"So CEP is not EDA, EDA is more than CEP. Promoting CEP as being EDA is far too simple. And yet that is what is happening in the current IT space."Mark Palmer from StreamBase answered some
"Especially the vendors of event processors focus too much on CEP as being EDA".
"CEP, in fact, is a really important element of an effective EDA. It's not a required element, but it sure makes it better"That's how I presented it at JavaOne back summer 2007, and this still happens to be true - no matter how vendors are mashing up various concepts about it to try to differentiate one from each other (CEP and Grid, CEP and Web2.0, CEP and DDS, CEP and edge processing, CEP and SOA, CEP and BRMS, CEP and XTP etc.).
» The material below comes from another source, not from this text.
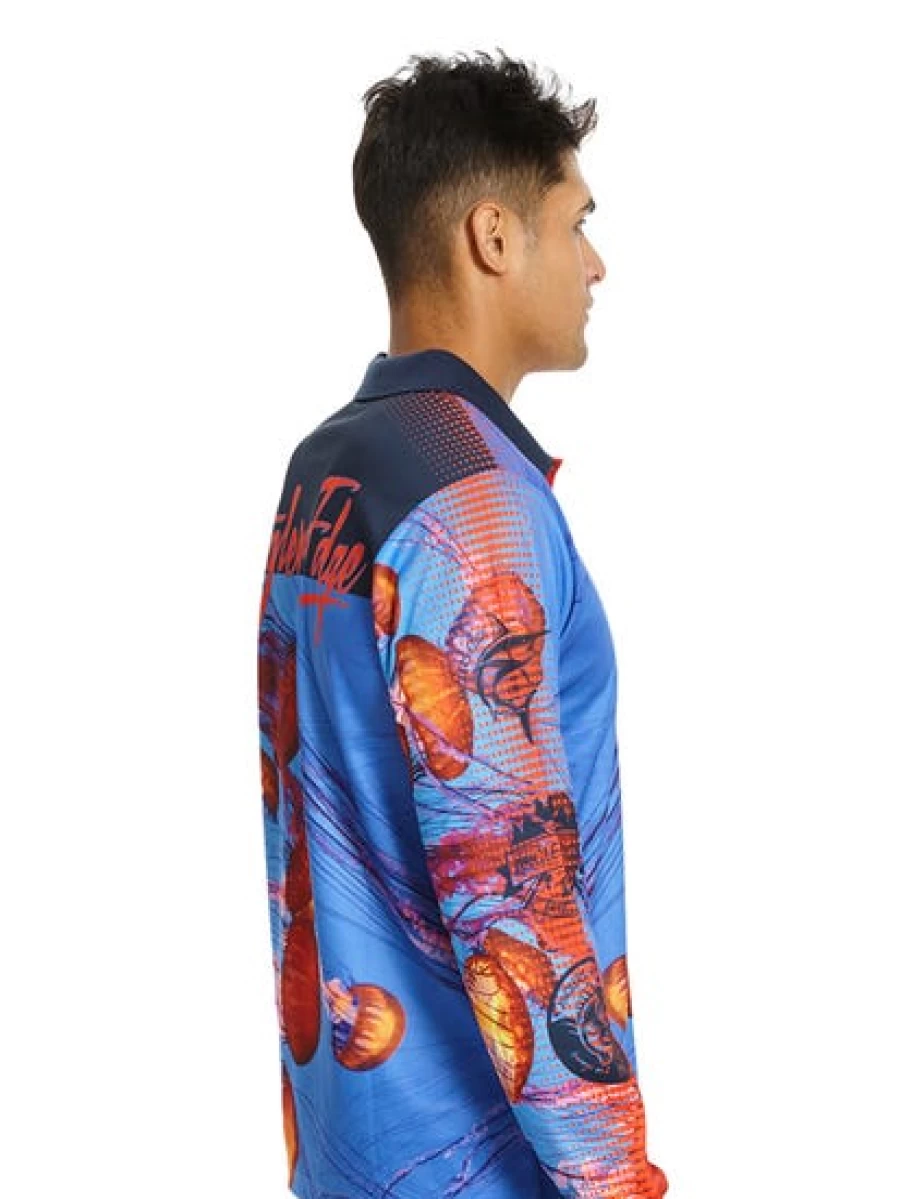 Men's Anglers Edge Long Sleeve Fishing Shirt - Jellyfish UPF Sun Protection Performance Polo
Here are two excerpts from the presentation I delivered with Thomas Bernhardt from Esper/EsperTech fame:
If you talk to folks using CEP (build or buy - does not matter) in some industries such as investment banking, they'll tell you this has nothing to do with SOA but has to do with XTP.
It's time to learn from past history.
A similar debates occurred not that long time ago around the SOA and ESB terms (2005 article on ComputerWorld). For the record, back in 2001 ESB and SOA did not even existed. Yet, some visionaries such as Sonic folks introduced ESB as a COTS product, despite established or maturing MOMs presence such as TibcoRV, MQ, or JMS-based/J2EE MOMs and a whole set of in house built solutions.
With no surprise, in 2008, I'd be curious to hear someone that would disagree with the statement below, which is in fact a copy/paste/replace from comments happening right now in the blogosphere rel. CEP and EDA as stated at the beginning of this post:
An ESB is not SOA, SOA is more than ESB. Promoting ESB as being SOA is far too simple. And yet that is what happened in the early days (back in 2001).Got it now? Here is mine bold claim:
A CEP engine is to EDA what an ESB is to SOA.